# Now, we can start a new training job

We'll send a zip file called **trainingjob.zip**, with the following structure:
 - trainingjob.json (Sagemaker training job descriptor)
 - monitoring.json (Sagemaker monitoring inputs for data capture, baseline and schedule)
 - assets/deploy-model-prd.yml (Cloudformation for deploying our model into Production)
 - assets/deploy-model-dev.yml (Cloudformation for deploying our model into Development)

In [None]:
import time
import sagemaker
import boto3
import os

sts_client = boto3.client("sts")

sagemaker_session = sagemaker.Session()
role = sagemaker.get_execution_role()
bucket = sagemaker_session.default_bucket()

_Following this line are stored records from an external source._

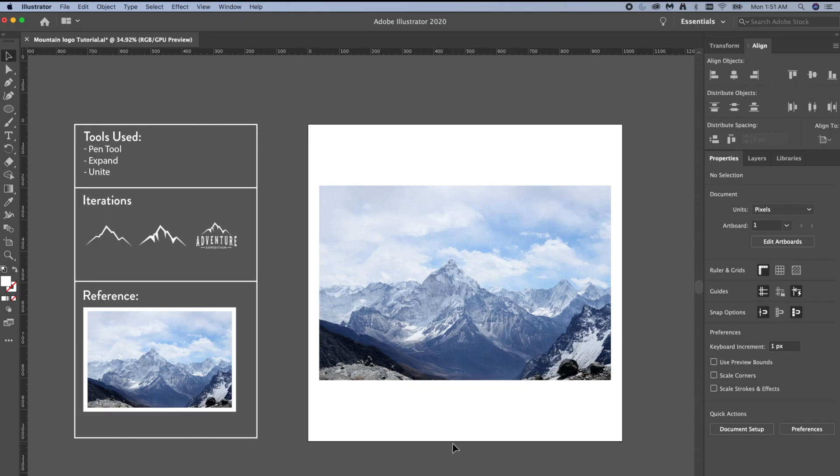Hey everybody, Juliana here, and today I'm going to be showing you how to recreate this mountain icon using one single path and the pen tool. So let's get started. The first tool that I'm going to be reaching for is my pen tool.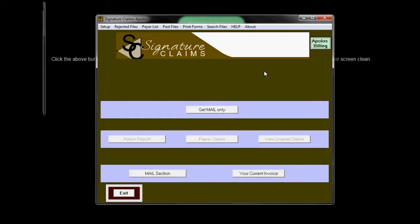Today we're going to show you how to fill out the HCFA 1500 form using the Signature Claims Apollos Billing System.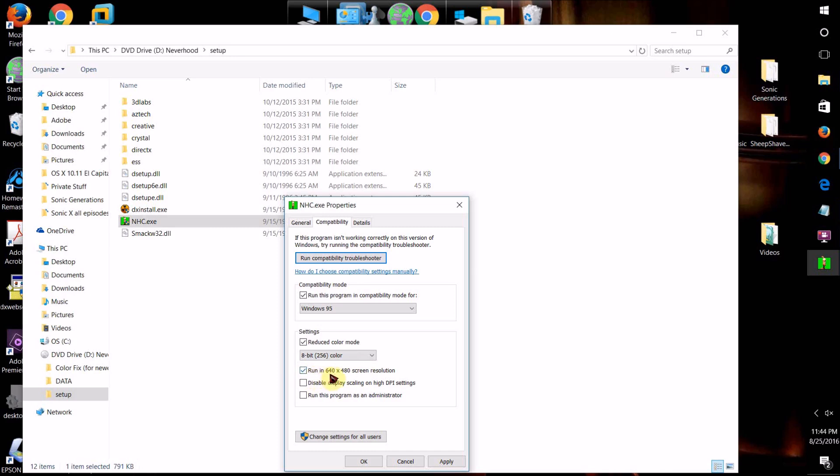You can also try checking this one that says Run in 640 by 480 Screen Resolution, which means that instead of trying to run it in HD, it will run it in standard resolution. If the program was meant to be run in standard resolution, it might look better than stretching it out to run in high definition. If the program wasn't made to run in HD, it could result in blurriness and pixelation, so try checking this one if the program looks stretched out or pixelated or something like that.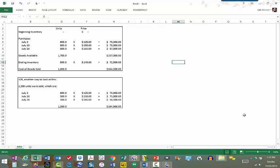So the very first inventory valuation method that can be used is the FIFO method. FIFO stands for first in, first out. So let's go through an example of what FIFO does.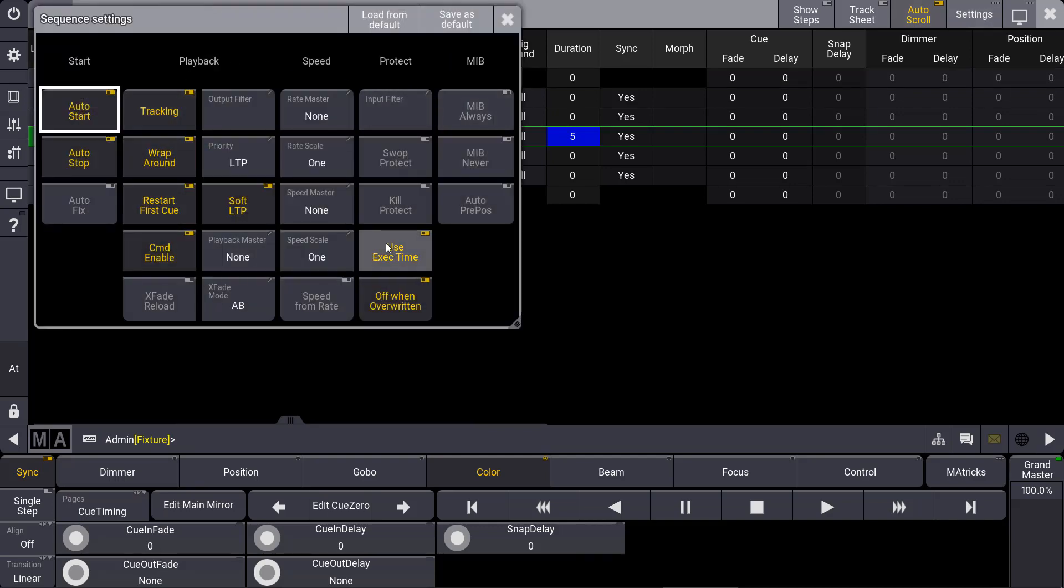We know that this main mirror is a different sequence than our main sequence. It is mirrored but we can for sure have different sequence settings as well. So another advantage of the mirror is that we can have the same cues with the same content but with different sequence settings.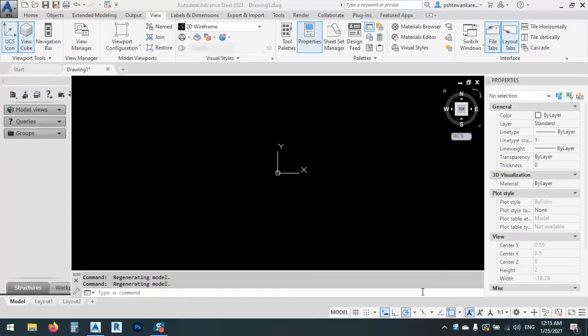Hello brothers and sisters, how are you? In today's lesson, I would like to show you some techniques and tips and tricks in Advanced Steel for building grids.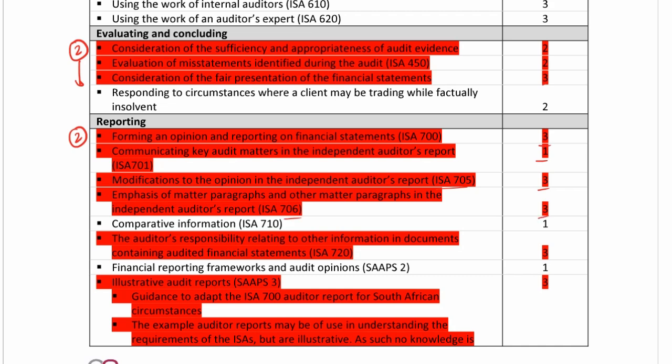These are all going to be addressed this week. SAPS 3 — we actually discussed it in week one with regards to going concern and the impact on the audit report, so that is a level three and we've already done that.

artifact_bucket = os.environ['ARTIFACT_BUCKET']
prefix = os.environ['MODEL_NAME']
image_repo = os.environ['IMAGE_REPO']

print('artifact bucket: {}'.format(artifact_bucket))
print('image repo: {}'.format(image_repo))
print('data bucket: {}/{}'.format(bucket, prefix))
print('role: {}'.format(role))

### Create the training job decriptor

This includes some hyper parameters

In [None]:
hyperparameters = {
    "epochs": 100,
    "batch_size": 128,
}

And the training job image, and name

In [None]:
account_id = sts_client.get_caller_identity()["Account"]
region = boto3.session.Session().region_name
training_image = '{}.dkr.ecr.{}.amazonaws.com/{}:latest'.format(account_id, region, image_repo)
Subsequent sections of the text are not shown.